What you need to do
Every line below from the one containing "Robe, Knit Diamond - Image 4" through the one containing "Vans pullman outlet puffer" must be transcribed exactly. Omit all lines outside that stretch.
Segment Start: Provided records
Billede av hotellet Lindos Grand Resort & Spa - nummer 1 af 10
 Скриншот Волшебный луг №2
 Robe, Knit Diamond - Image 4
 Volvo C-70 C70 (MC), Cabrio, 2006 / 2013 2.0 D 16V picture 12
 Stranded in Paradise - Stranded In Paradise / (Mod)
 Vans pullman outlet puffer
Segment End: Provided records
Segment Start: Provided records
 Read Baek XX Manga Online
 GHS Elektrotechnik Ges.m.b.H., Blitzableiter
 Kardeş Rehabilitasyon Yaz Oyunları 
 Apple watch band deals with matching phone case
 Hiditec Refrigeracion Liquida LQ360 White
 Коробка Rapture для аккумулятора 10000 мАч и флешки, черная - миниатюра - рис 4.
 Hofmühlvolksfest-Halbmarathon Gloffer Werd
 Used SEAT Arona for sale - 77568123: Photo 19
Segment End: Provided records
Answer box
 Robe, Knit Diamond - Image 4
 Volvo C-70 C70 (MC), Cabrio, 2006 / 2013 2.0 D 16V picture 12
 Stranded in Paradise - Stranded In Paradise / (Mod)
 Vans pullman outlet puffer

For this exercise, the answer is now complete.